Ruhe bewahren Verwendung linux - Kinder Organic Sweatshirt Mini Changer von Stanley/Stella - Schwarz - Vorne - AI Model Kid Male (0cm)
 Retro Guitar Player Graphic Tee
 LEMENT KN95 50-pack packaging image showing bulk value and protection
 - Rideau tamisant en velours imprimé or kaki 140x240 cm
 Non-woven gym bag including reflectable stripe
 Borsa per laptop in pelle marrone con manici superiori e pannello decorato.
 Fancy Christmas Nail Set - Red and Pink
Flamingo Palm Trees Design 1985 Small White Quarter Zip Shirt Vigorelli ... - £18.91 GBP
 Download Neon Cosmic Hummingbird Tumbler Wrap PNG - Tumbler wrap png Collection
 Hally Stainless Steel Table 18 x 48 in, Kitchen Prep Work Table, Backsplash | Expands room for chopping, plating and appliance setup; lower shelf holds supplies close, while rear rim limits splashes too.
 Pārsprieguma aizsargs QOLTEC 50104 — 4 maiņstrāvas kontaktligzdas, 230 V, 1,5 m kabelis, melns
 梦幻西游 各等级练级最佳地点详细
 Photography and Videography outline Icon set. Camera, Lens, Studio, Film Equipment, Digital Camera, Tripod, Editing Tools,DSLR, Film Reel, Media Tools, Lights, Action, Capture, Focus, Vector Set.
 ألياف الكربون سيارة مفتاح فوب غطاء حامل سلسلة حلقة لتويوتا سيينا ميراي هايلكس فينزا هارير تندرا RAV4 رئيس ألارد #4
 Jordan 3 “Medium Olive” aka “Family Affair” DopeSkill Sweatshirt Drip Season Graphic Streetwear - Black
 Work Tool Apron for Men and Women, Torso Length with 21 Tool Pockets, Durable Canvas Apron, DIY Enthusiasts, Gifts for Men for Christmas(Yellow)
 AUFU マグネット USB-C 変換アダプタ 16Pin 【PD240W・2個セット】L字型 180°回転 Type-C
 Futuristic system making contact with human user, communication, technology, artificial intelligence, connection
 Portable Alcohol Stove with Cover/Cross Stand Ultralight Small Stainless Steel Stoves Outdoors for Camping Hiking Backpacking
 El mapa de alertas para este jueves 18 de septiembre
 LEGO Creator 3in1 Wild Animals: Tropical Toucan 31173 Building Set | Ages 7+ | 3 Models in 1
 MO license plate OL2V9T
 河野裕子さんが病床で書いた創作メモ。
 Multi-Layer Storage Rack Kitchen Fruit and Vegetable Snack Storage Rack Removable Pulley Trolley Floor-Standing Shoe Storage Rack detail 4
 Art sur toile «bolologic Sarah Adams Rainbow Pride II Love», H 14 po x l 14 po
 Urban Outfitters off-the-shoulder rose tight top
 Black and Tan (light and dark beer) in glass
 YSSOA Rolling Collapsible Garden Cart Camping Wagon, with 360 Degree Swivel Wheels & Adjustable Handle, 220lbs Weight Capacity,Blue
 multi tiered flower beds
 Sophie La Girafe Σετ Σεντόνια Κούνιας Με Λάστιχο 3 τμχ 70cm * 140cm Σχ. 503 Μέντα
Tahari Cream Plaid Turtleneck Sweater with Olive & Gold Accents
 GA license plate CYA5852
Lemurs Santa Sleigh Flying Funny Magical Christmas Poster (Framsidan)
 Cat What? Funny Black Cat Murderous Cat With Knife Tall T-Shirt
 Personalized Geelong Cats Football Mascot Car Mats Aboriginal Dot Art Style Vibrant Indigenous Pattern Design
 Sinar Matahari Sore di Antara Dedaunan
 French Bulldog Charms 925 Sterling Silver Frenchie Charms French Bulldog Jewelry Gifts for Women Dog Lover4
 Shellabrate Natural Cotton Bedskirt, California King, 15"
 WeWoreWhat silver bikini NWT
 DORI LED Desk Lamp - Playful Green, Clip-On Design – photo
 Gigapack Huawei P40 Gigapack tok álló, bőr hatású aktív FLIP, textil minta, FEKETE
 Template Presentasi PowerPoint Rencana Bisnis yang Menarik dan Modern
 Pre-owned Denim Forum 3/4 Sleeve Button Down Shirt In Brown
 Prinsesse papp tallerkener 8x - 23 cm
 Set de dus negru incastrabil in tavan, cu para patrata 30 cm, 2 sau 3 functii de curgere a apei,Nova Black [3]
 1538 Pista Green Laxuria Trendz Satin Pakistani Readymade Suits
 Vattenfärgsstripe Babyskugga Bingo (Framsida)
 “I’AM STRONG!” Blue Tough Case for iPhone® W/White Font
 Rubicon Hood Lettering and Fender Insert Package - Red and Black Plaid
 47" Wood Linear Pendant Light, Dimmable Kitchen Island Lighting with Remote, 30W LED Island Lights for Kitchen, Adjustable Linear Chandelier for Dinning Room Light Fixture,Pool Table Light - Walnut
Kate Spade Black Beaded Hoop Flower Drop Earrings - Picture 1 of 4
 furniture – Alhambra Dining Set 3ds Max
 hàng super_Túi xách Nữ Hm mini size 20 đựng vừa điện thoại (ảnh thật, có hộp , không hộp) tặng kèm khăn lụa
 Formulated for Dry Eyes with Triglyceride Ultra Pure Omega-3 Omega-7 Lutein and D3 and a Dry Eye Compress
▬▬▬
■ **TASK DESCRIPTION**
Out of the records above, pull the lines that include the word "Stainless".

■ **EXERCISE ANSWER**
 Hally Stainless Steel Table 18 x 48 in, Kitchen Prep Work Table, Backsplash | Expands room for chopping, plating and appliance setup; lower shelf holds supplies close, while rear rim limits splashes too.
 Portable Alcohol Stove with Cover/Cross Stand Ultralight Small Stainless Steel Stoves Outdoors for Camping Hiking Backpacking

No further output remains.